Nova #2 (Marvel Comics)
So what’s it about? See the preview images with summary!
Why does this book matter?
Ramon Perez’s art may be worth the price of admission. There I said it. The kinetic energy in this book is positively awesome which is necessary given Nova’s power set. The cosmic elements are steeped with wonderment, which gives the book an outsiders feel since we’d all be in awe (as this book does) from the visuals Nova encounters. Add in Rich Rider’s inclusion and the dynamic is one to keep track of.
Fine, you have my attention. What’s good about it?
Pull up, pull up!
I liked the first issue, but I really loved the second. This issue brings the action and then some as Sam Alexander aka Nova rushes to save a falling Nova (when he thought he was the only one) and hopes it’s his father. It’s not of course, but Rich brings with him all kinds of personality and a dark secret that brings a bit of dread and drama with it. Outside of the opening action sequence, Sam introduces his family to Rich, peruses a space bar, and hangs with a certain talking dog. All in all, this issue has a lot to enjoy while furthering the dark secret Rich is hiding.
Most Marvel buffs however, will love a quick two page scene where Rich encounters the younger characters in the Marvel universe. Kid Cyclops, Ms. Marvel, and others all interact with Rich who has been away from the Marvel universe for some time. This allows the writing team to poke a bit of fun at the ridiculousness of what has transpired (and how easy it is to become an Avenger, apparently) and show Rich reflecting on how much has changed. The dialogue in this scene (and really the whole book) is on point and fluid.
The art continues to be a highlight. Even in Rich’s mask, you get a sense of kinetic energy–it’s a bit curved and sleek. The Novas travelling, in streaks of light, is sharp in a Tron like way that’s intriguing. Sam’s positive and take-charge attitude plays off well with Rich’s somewhat subdued and unsure attitude and it’ll be fun to see how their characters continue to work off each other. A certain space dog has some scenes that are great fun that Perez rendered in a realistic yet articulate way. He conveys emotion, yet is still an average dog (as average as a dog in a space suit can be, that is). Add in the varied and interesting looking aliens in the space bar and you have a very good looking book indeed.

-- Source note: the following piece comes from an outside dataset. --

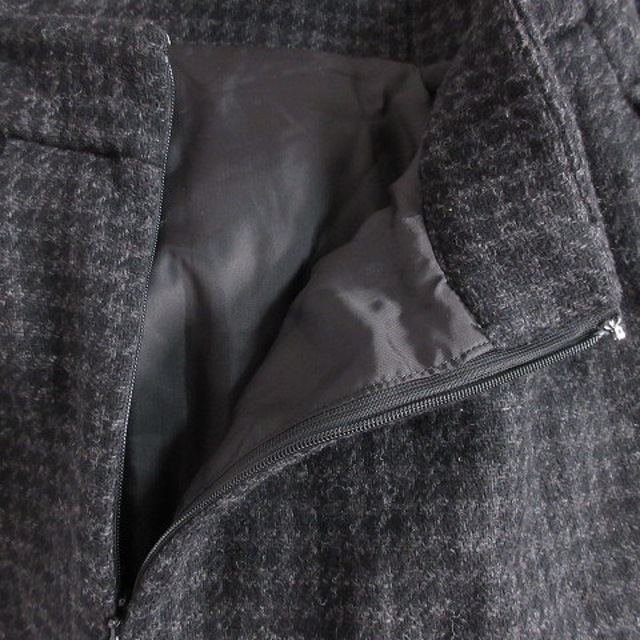 LIMITLESS LUXURY(リミットレスラグジュアリー)のリミットレスラグジュアリー スカート フレア ひざ丈 チェック 36 黒 グレー レディースのスカート(ひざ丈スカート)の商品写真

It can’t be perfect can it?
It’s hard to fault this nearly perfect book, but I did find the cliffhanger to have come out of nowhere. Cliffhangers leave you at the edge of your suit if done well, and this one does–but with no buildup it seemed too quick for its own good.
Love those sound effects.
Is It Good?
Nova is shaping up to be my favorite superhero series in 2017. It’s early yet, but it has all the visuals you could desire with a complex dynamic of characters and a compelling subplot of stories.